La communauté internationale a dénoncé le coup d’État, puis a appelé à la mise en place d’un rapide processus de transition menant à des élections libres et démocratiques.
Un ministre de la transition, Mohamed Béavogui, a été nommé en octobre 2021, et le Comité national de la transition (CNT) a été créé.
Annonce du référendum
Le 1er avril 2025, par un décret lu à la télévision publique, le chef de la junte militaire au pouvoir en Guinée depuis le coup d’État de septembre 2021 a fixé la date du référendum sur l’adoption de la nouvelle constitution. Ce dernier aura lieu le 21 septembre 2025.
La tenue de ce référendum est considérée comme une étape cruciale vers le rétablissement d’un régime démocratique. Il devrait permettre de remplacer la constitution de 2010, adoptée sous le régime de Condé, ce qui pourrait changer l’architecture politique du pays. Il aura aussi comme fonction d’officialiser la fin du processus de transition, en place depuis le coup d’État, au vu des élections législatives et présidentielles qui devraient avoir lieu dans la foulée du référendum.

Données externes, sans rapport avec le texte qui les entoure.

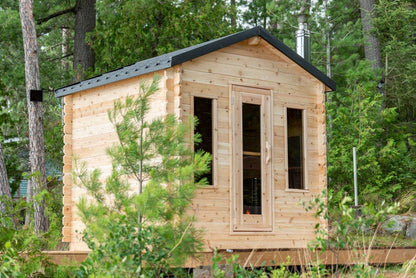 6 Person Cabin Sauna - Georgian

Néanmoins, la communauté internationale, les guinéens et les opposants politiques reprochent au général Doumbaya, président de la Transition, et leader du putsch, de retarder ce processus.
Un retard dénoncé
En effet, après le coup d’état de 2021, le général Doumbaya s’était engagé, sous la pression de la communauté internationale, à mettre en place une période de transition de trois ans, puis d’organiser des élections, afin de remettre le pouvoir à des élus civils.
Mais la junte au pouvoir n’a pas tenu parole, la date butoire promise pour le retour à une administration civile ayant été largement dépassée.

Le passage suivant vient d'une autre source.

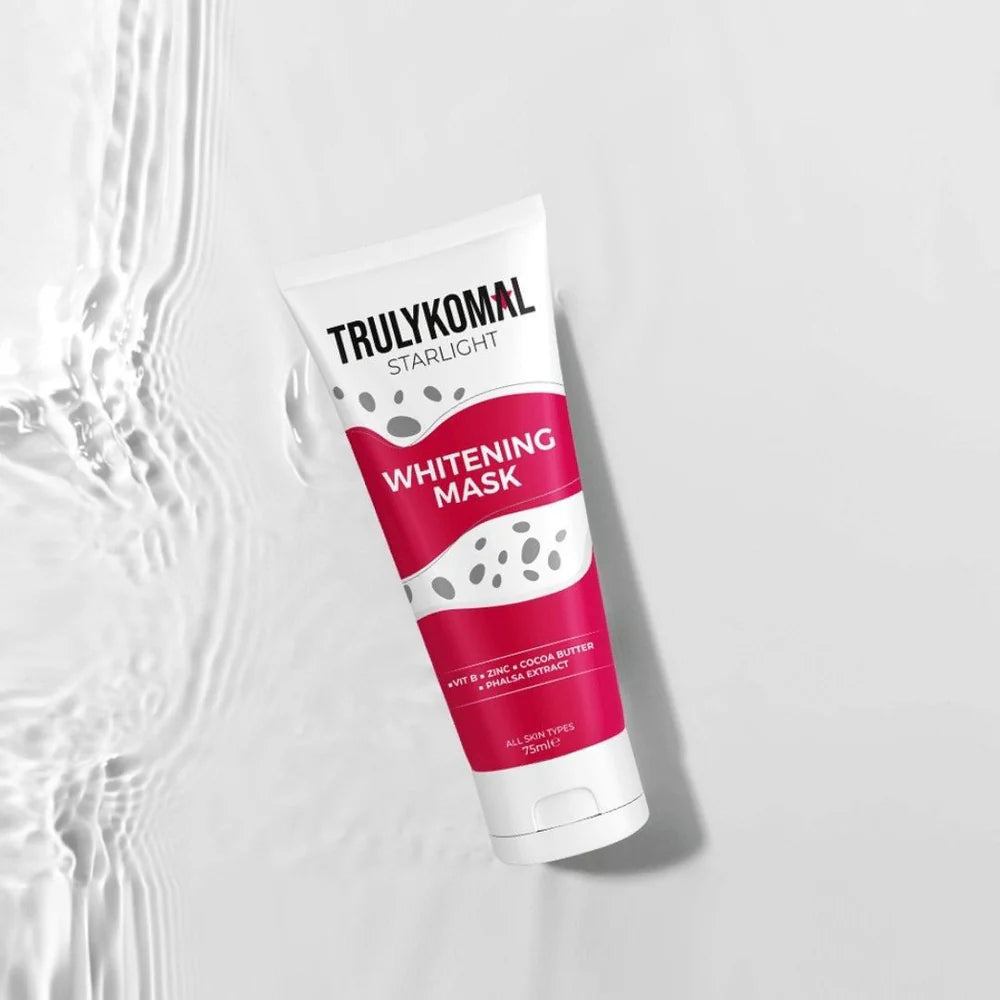 Truely Komal Whitening Mask 75ml – Bright & Clear Skin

Le retard pris par la junte au pouvoir dans l’achèvement de la période de transition et dans l’organisation du référendum et des élections ont créé de vives tensions au sein de la société guinéenne, donnant lieu à des contestations et soulèvements réprimés violemment par le régime en place.
Répressions et restrictions
Le comité national du rassemblement et du développement (CNRD) a par exemple imposé l’interdiction de manifester en mai 2022, et les forces de sécurité n’ont pas hésité à user excessivement de la force, notamment via l’utilisation de gaz lacrymogènes et d’armes à feu pour disperser les manifestants, faisant des dizaines de morts. Depuis juin 2022, Human Rights Watch a dénombré 59 personnes, dont au moins 5 enfants, mortes lors des manifestations à Conakry.

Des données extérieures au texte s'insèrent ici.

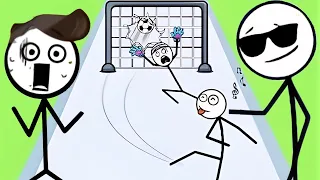 Run Now WEEGOON | All Game Levels 1-20 | Funny Stickman Puzzle Gameplay #puzzle #funny #gaming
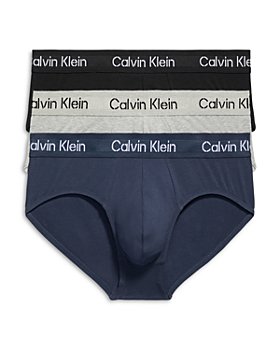 3 Pack CALVIN KLEIN Men CLASSIC Low Rise Briefs Cotton BLACK SMALL XXLARGE  $46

Les médias ont aussi été la cible de l’autorité en place. Plusieurs médias indépendants ont été suspendus, contraints de cesser toute diffusion, parmi lesquels Espace TV, Fréquence Médias et Djoma Médias, ces derniers figurant parmi les plus regardés du pays. Plusieurs journalistes ont aussi été arrêtés de façon arbitraire, toujours selon l’ONG Human Rights Watch.
Les opposants politiques n’ont pas été une exception : ils ont, eux aussi, été le point de mire du général Doumbaya. Le régime a entrepris la dissolution de 53 partis politiques, et la suspension de 50 autres pour des manquements présumés, dans l’optique d’affaiblir l’opposition, et de prolonger la période de transition.
Certains opposants politiques ont été portés disparus, ou torturés. En juillet 2024, trois membres du Front national pour la défense de la constitution (FNDC), coalition d’opposition appelant à un retour à un régime démocratique, ont été enlevés, battus, et amenés dans un camp militaire, et sont, depuis, maintenus en détention de manière arbitraire.
Un référendum poudre aux yeux?
Malgré l’annonce d’une date pour la tenue du référendum, l’opposition politique et les défenseurs de la démocratie en Guinée Conakry sont loin d’être convaincus.
L’alliance nationale pour l’alternance et la démocratie (Anad), a qualifié cette annonce d’une “manœuvre de diversion destinée à masquer l’absence de toute intention réelle d’organiser des élections libres”, dans un communiqué.
L’avenir nous dira, si ce référendum sera réellement un changement positif pour la Guinée et ses citoyens.